___ RECORDS TO PROCESS

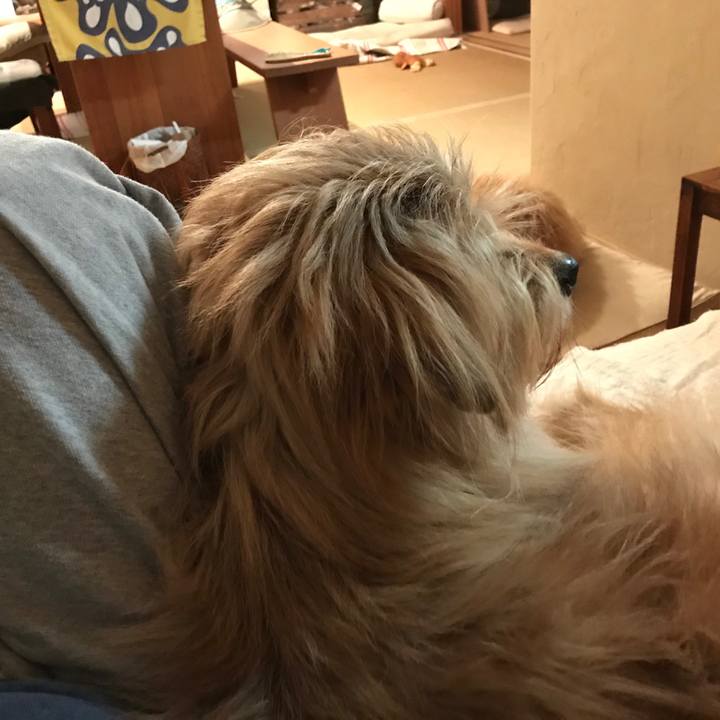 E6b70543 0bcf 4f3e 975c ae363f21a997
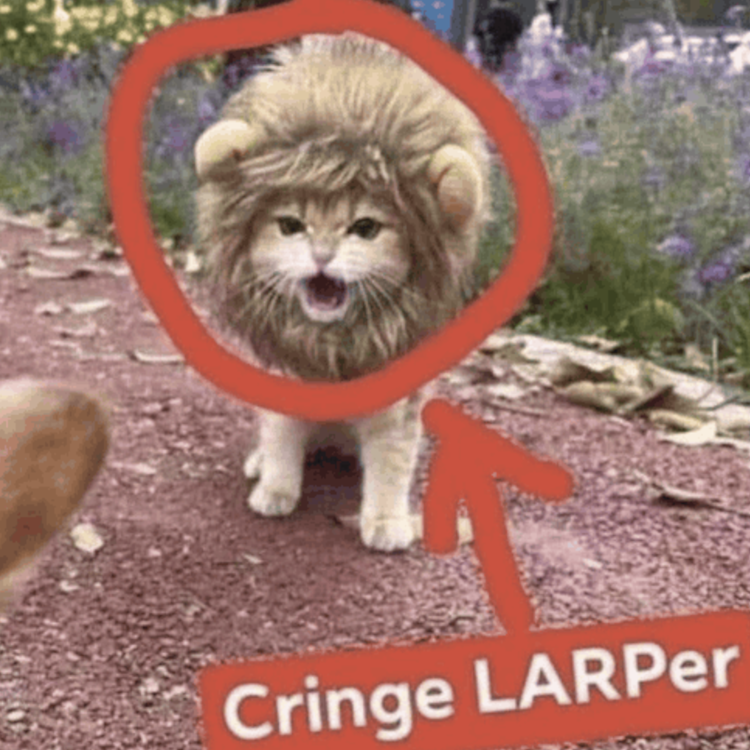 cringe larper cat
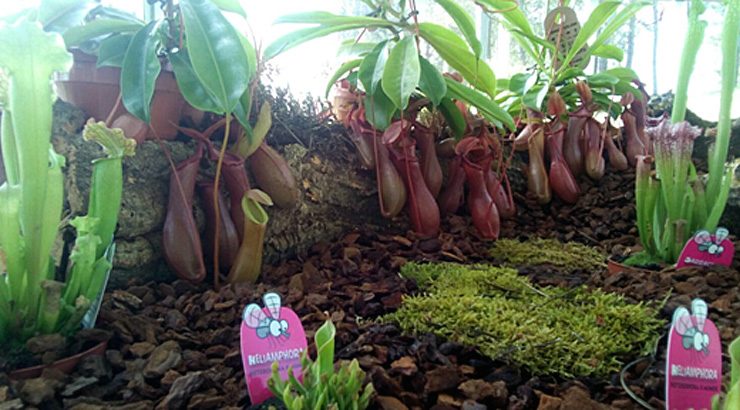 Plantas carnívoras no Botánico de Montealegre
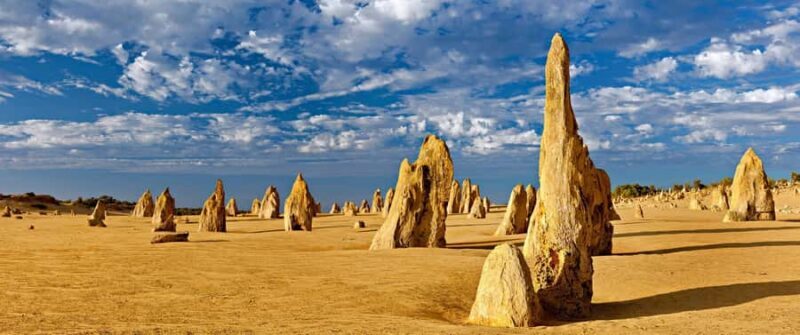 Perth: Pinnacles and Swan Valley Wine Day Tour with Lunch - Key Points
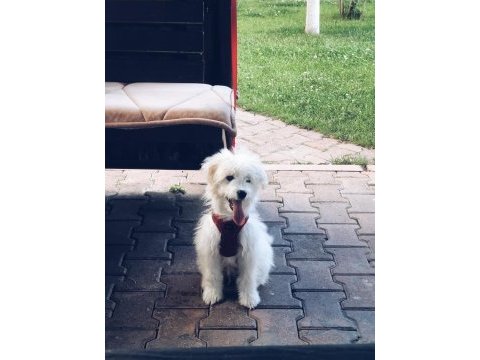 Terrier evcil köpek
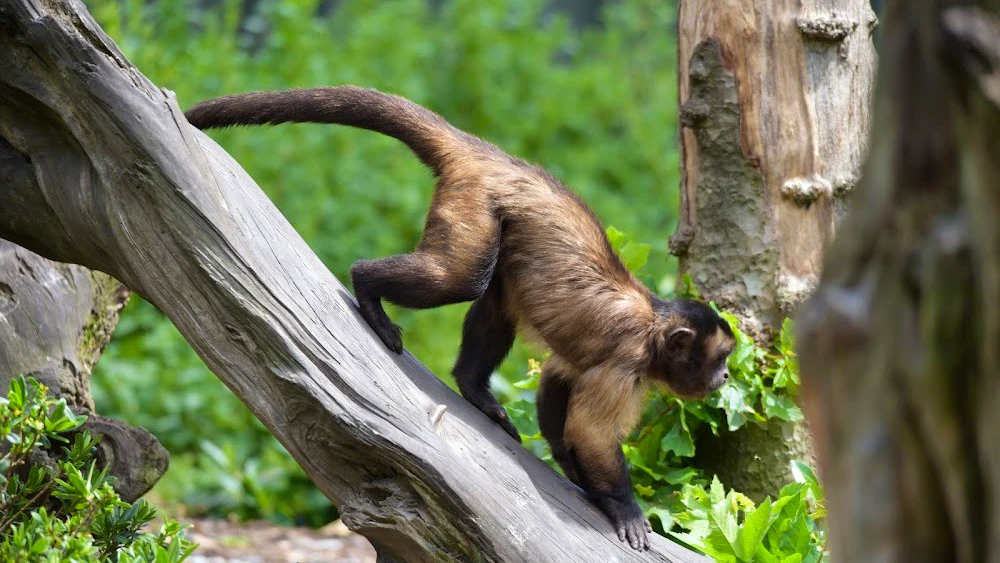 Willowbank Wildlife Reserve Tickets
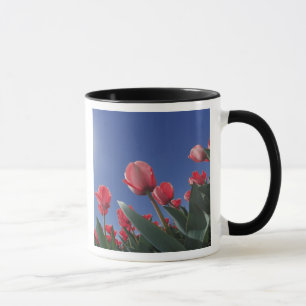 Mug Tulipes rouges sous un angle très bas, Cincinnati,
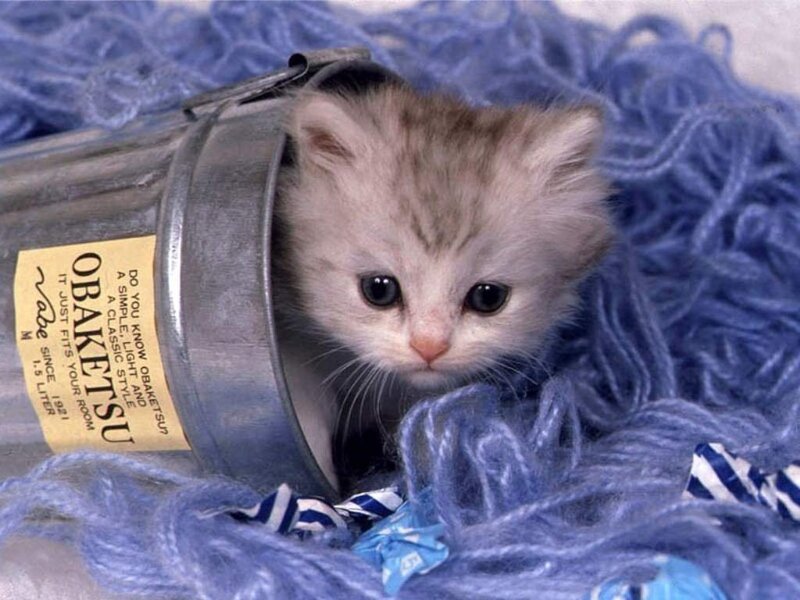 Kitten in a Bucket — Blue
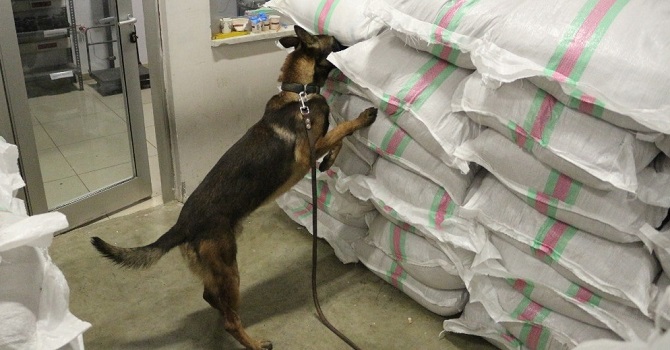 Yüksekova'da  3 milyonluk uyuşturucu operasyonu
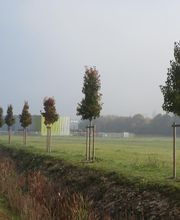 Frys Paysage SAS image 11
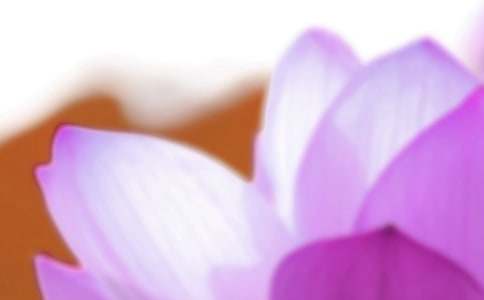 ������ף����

______

* **DIRECTIONS FOR THIS TASK**: Copy out every entry above verbatim. Leave each picture out.

* **RESULT OF THIS TASK**:
 E6b70543 0bcf 4f3e 975c ae363f21a997
 cringe larper cat
 Plantas carnívoras no Botánico de Montealegre
 Perth: Pinnacles and Swan Valley Wine Day Tour with Lunch - Key Points
 Terrier evcil köpek
 Willowbank Wildlife Reserve Tickets
 Mug Tulipes rouges sous un angle très bas, Cincinnati,
 Kitten in a Bucket — Blue
 Yüksekova'da  3 milyonluk uyuşturucu operasyonu
 Frys Paysage SAS image 11
 ������ף����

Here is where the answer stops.